• Exercise instructions: Without including any picture, return the complete set of records exactly.

• Exercise inputs:
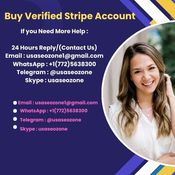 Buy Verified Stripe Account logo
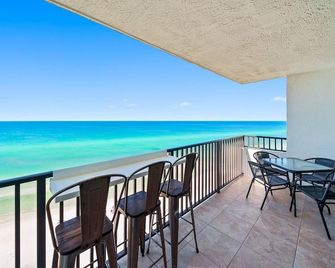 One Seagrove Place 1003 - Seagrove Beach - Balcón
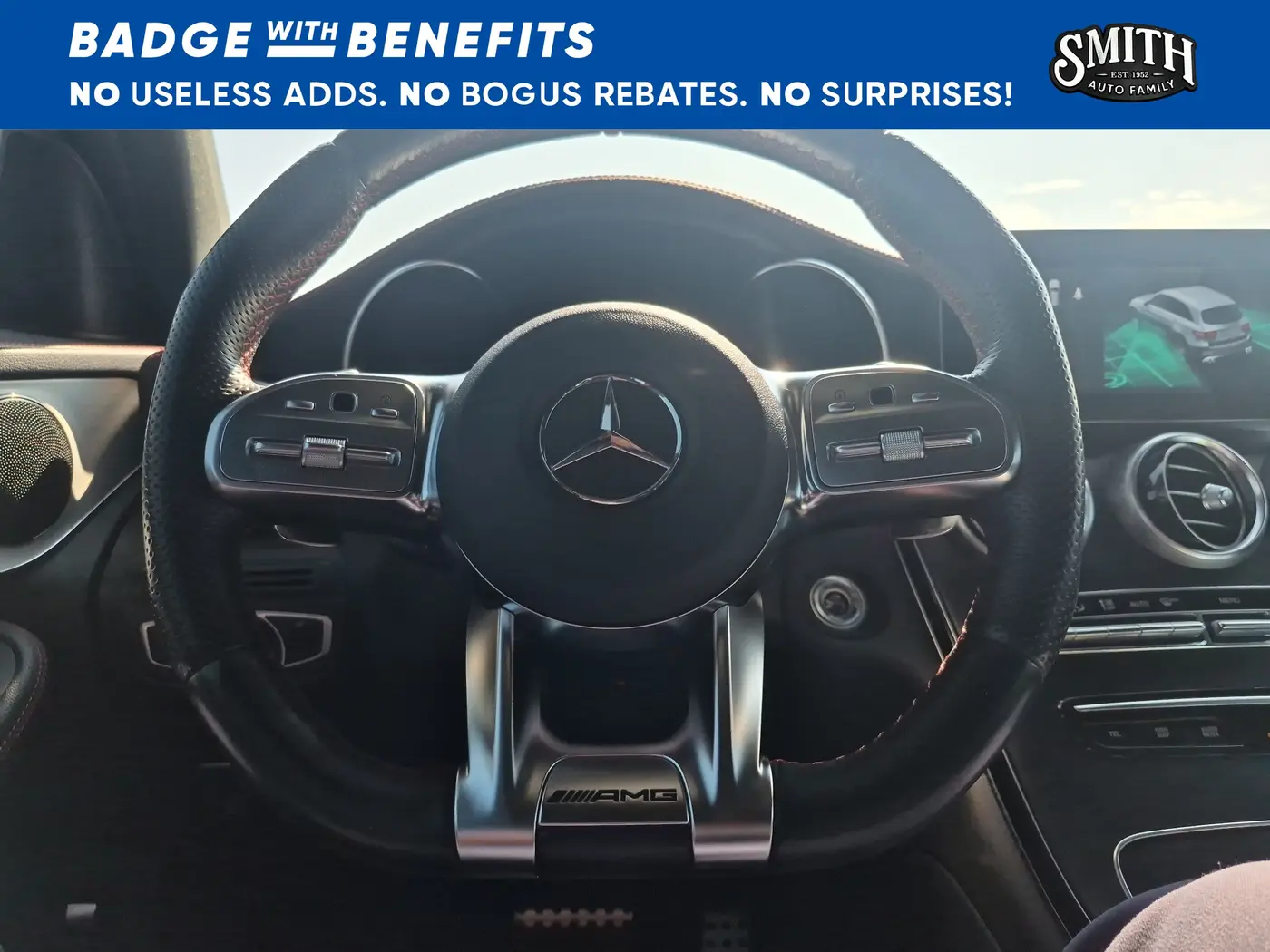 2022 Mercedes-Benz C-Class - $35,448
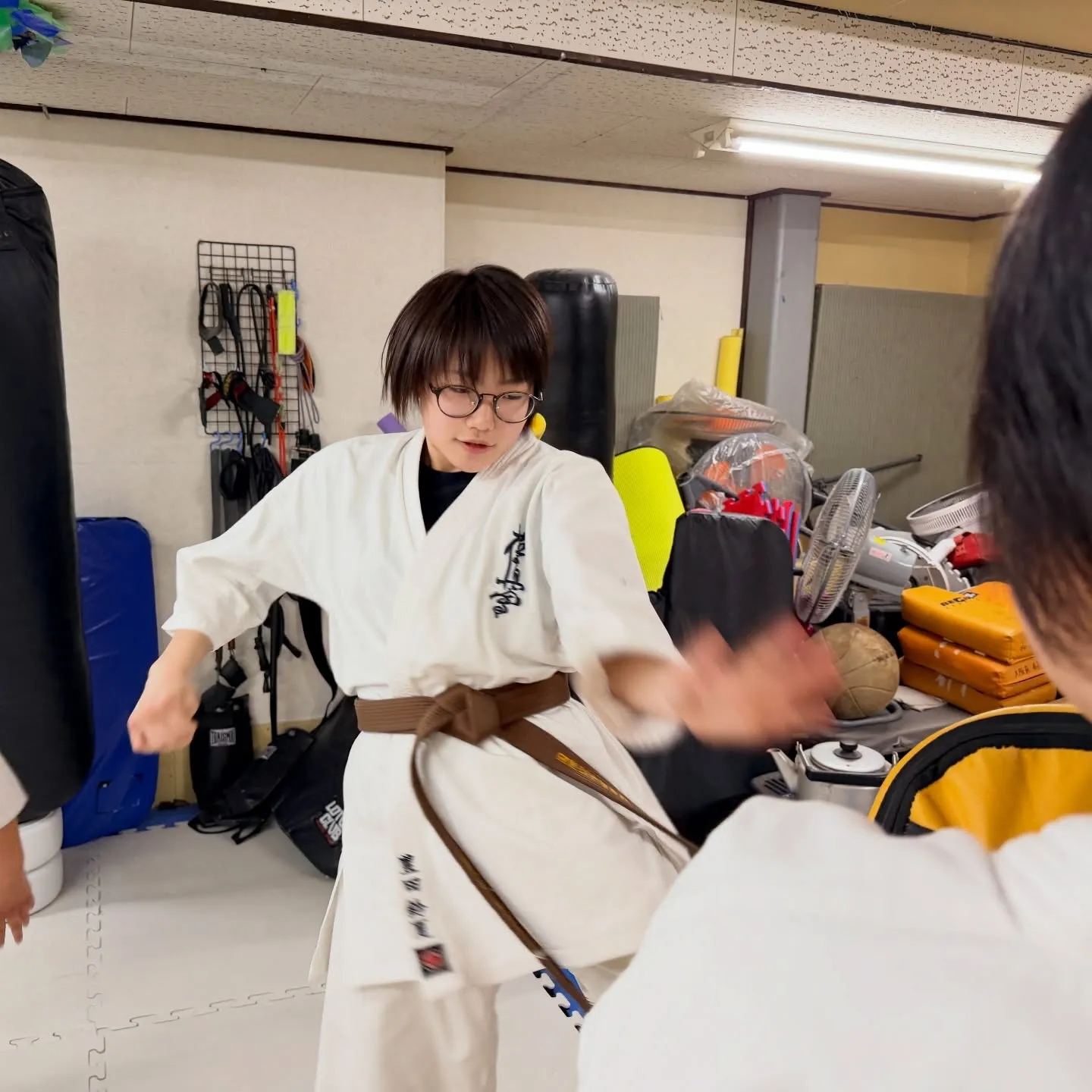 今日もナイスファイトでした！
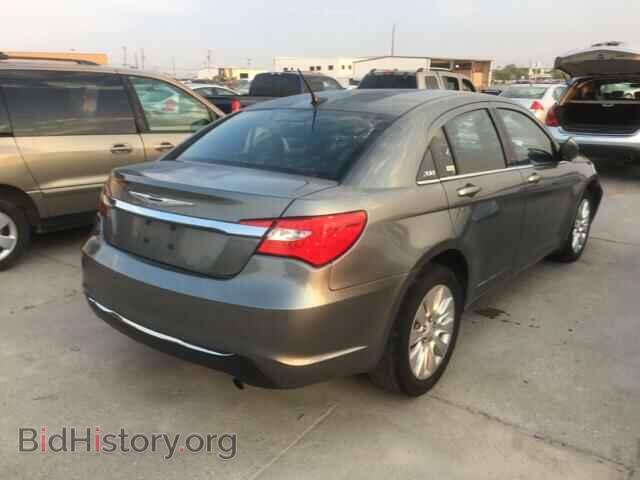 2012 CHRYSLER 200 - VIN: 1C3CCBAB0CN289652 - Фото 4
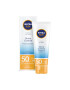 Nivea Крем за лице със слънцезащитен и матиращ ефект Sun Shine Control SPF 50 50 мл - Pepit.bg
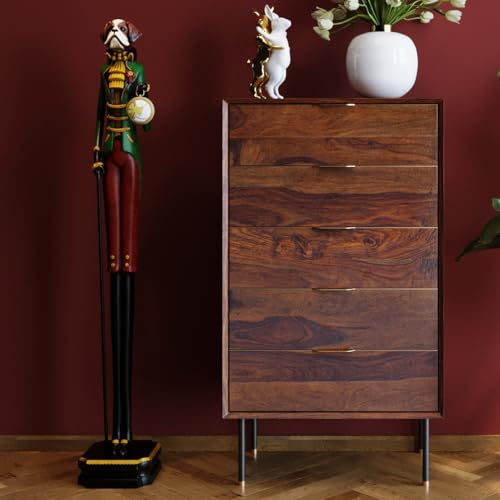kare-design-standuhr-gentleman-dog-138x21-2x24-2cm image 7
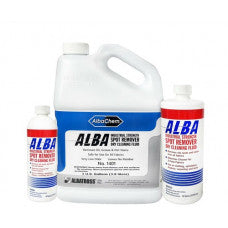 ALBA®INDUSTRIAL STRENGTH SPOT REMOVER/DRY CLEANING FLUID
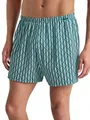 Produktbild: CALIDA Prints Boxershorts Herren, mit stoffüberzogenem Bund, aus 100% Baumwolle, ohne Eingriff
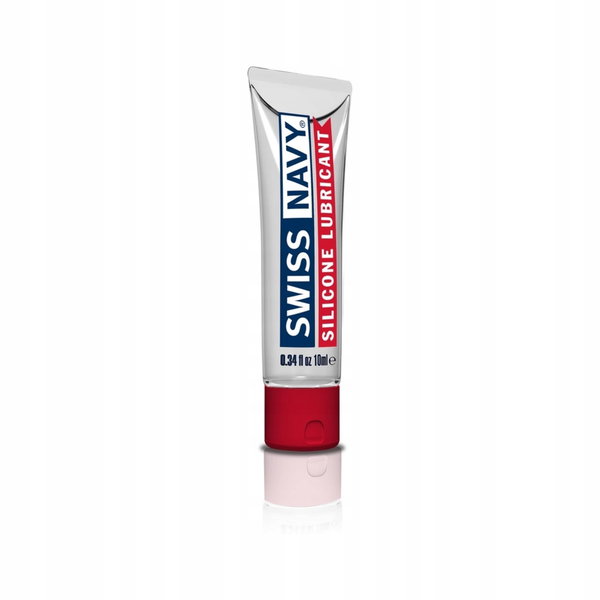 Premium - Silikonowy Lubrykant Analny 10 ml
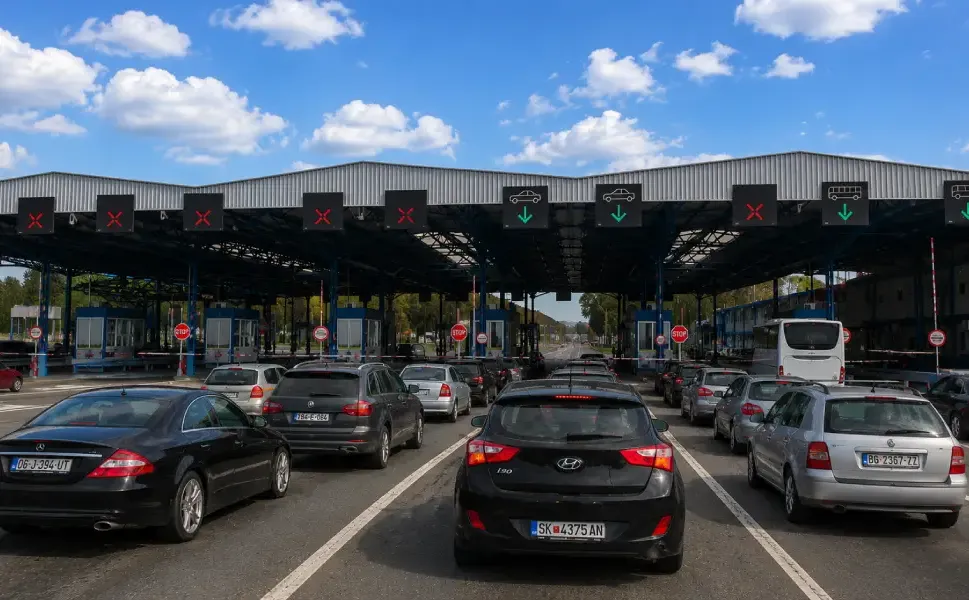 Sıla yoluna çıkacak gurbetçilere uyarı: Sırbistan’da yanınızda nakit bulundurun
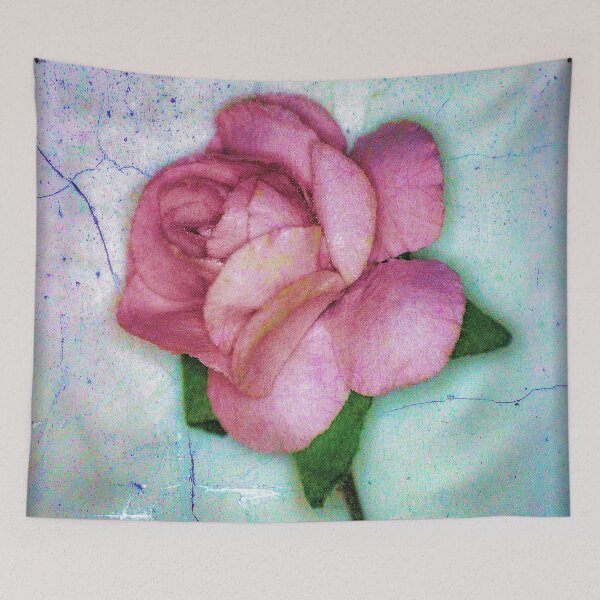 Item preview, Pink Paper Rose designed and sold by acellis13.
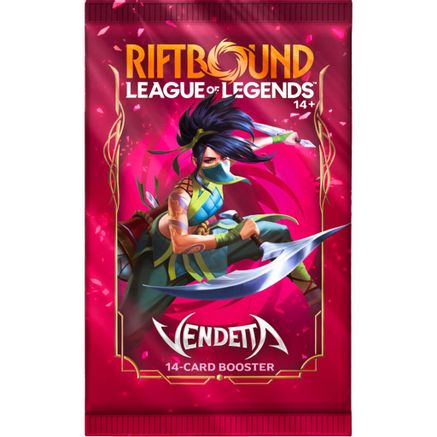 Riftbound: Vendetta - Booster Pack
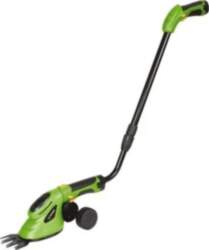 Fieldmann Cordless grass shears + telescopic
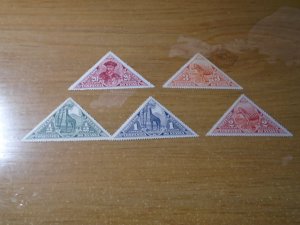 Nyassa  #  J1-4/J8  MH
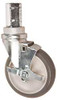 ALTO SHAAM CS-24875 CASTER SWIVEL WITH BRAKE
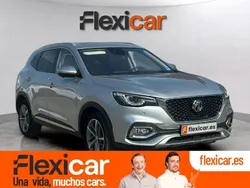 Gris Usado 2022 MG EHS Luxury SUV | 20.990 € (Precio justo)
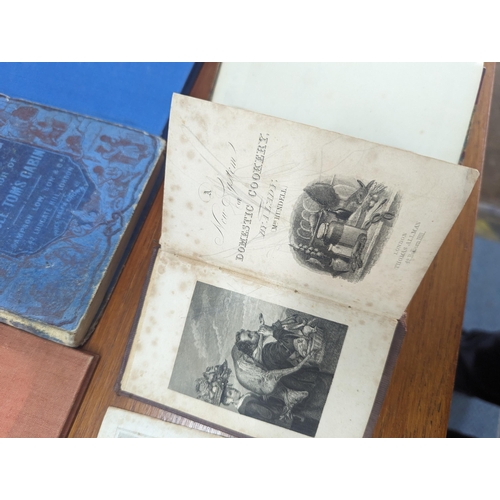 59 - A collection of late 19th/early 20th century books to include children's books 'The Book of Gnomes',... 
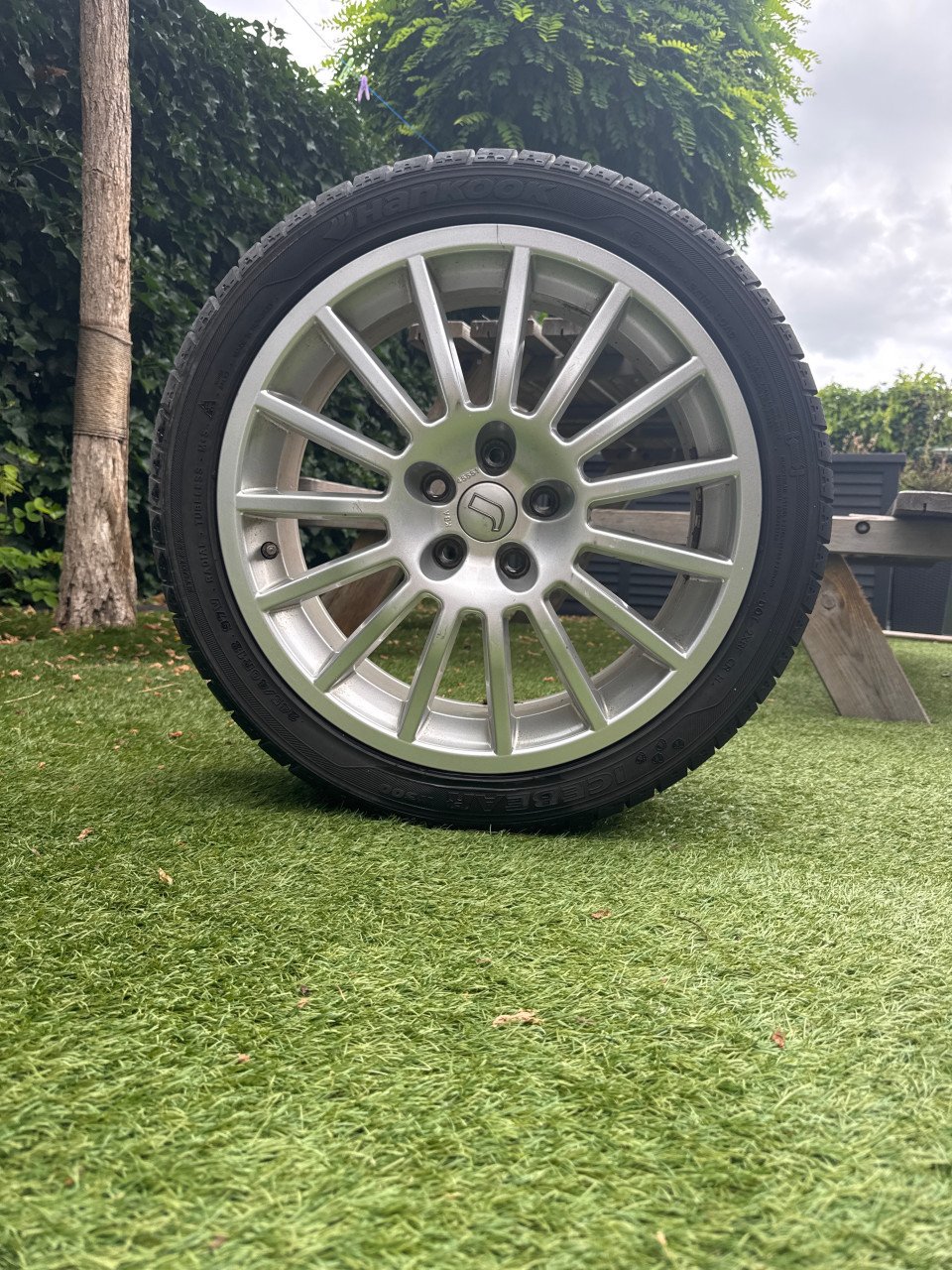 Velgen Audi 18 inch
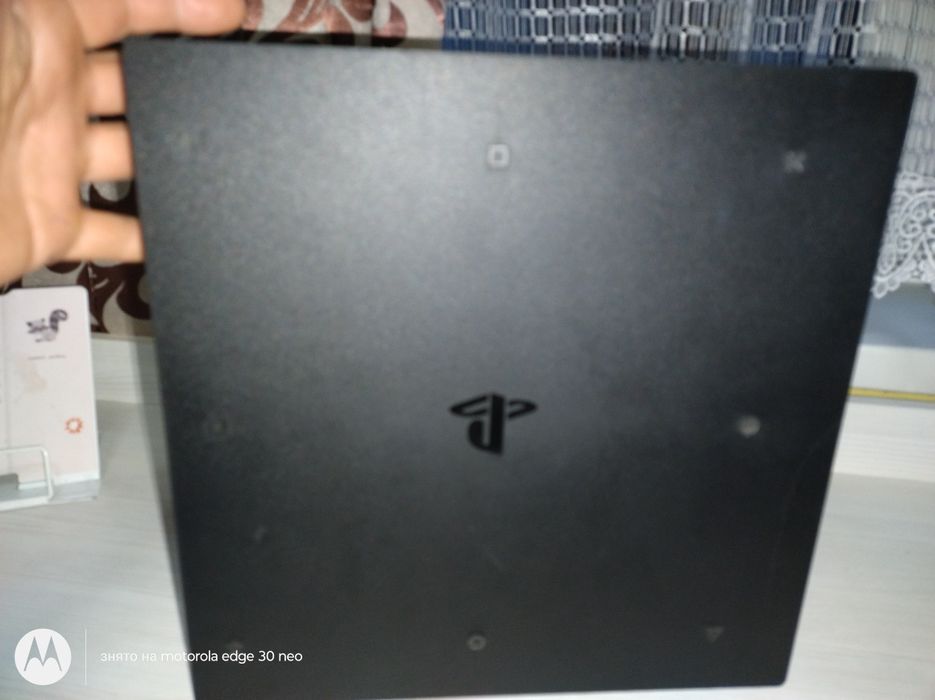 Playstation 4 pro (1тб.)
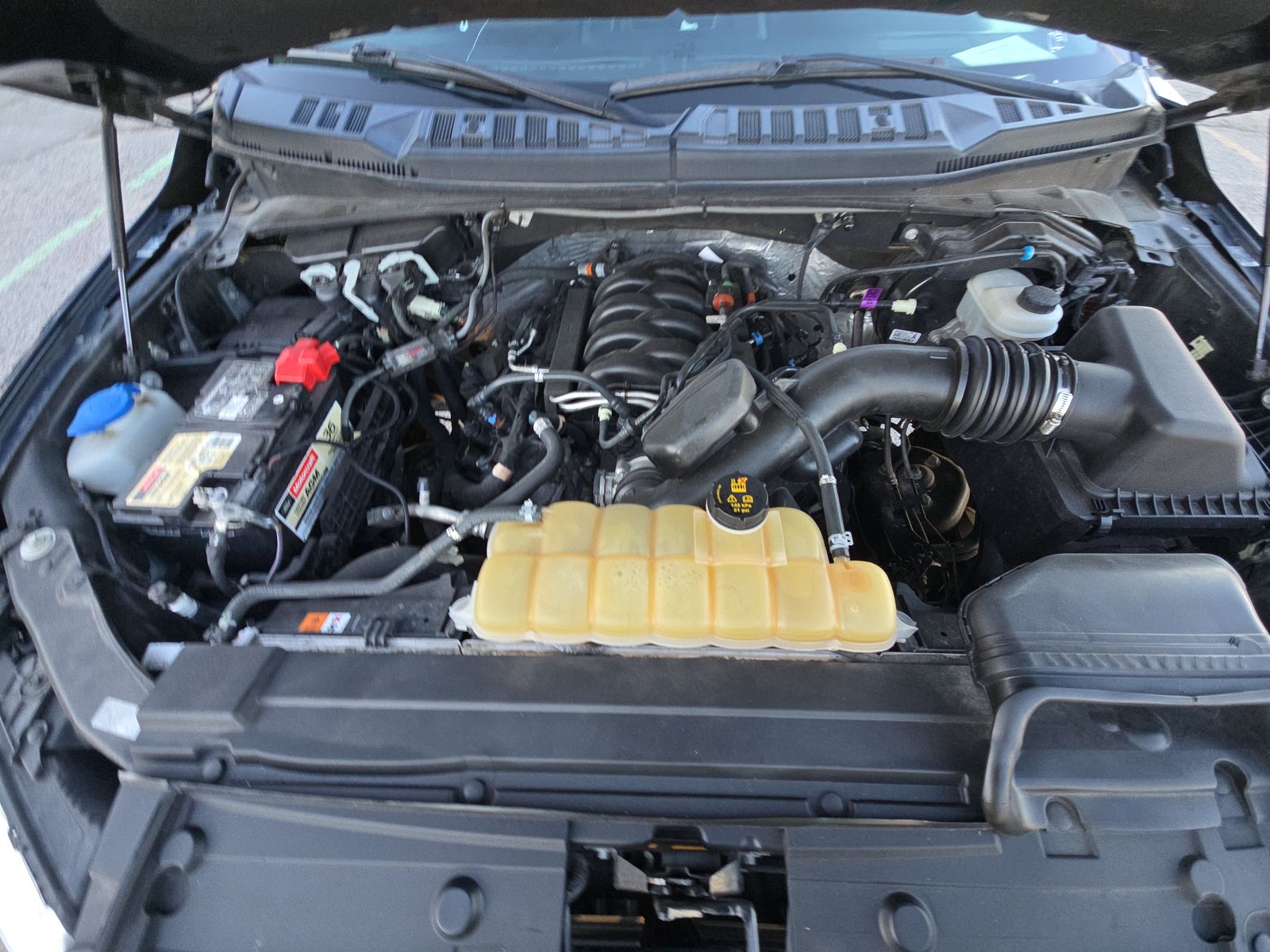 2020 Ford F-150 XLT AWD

• Exercise output:
 Buy Verified Stripe Account logo
 One Seagrove Place 1003 - Seagrove Beach - Balcón
 2022 Mercedes-Benz C-Class - $35,448
 今日もナイスファイトでした！
 2012 CHRYSLER 200 - VIN: 1C3CCBAB0CN289652 - Фото 4
 Nivea Крем за лице със слънцезащитен и матиращ ефект Sun Shine Control SPF 50 50 мл - Pepit.bg
kare-design-standuhr-gentleman-dog-138x21-2x24-2cm image 7
 ALBA®INDUSTRIAL STRENGTH SPOT REMOVER/DRY CLEANING FLUID
 Produktbild: CALIDA Prints Boxershorts Herren, mit stoffüberzogenem Bund, aus 100% Baumwolle, ohne Eingriff
 Premium - Silikonowy Lubrykant Analny 10 ml
 Sıla yoluna çıkacak gurbetçilere uyarı: Sırbistan’da yanınızda nakit bulundurun
 Item preview, Pink Paper Rose designed and sold by acellis13.
 Riftbound: Vendetta - Booster Pack
 Fieldmann Cordless grass shears + telescopic
 Nyassa  #  J1-4/J8  MH
 ALTO SHAAM CS-24875 CASTER SWIVEL WITH BRAKE
 Gris Usado 2022 MG EHS Luxury SUV | 20.990 € (Precio justo)
 59 - A collection of late 19th/early 20th century books to include children's books 'The Book of Gnomes',... 
 Velgen Audi 18 inch
 Playstation 4 pro (1тб.)
 2020 Ford F-150 XLT AWD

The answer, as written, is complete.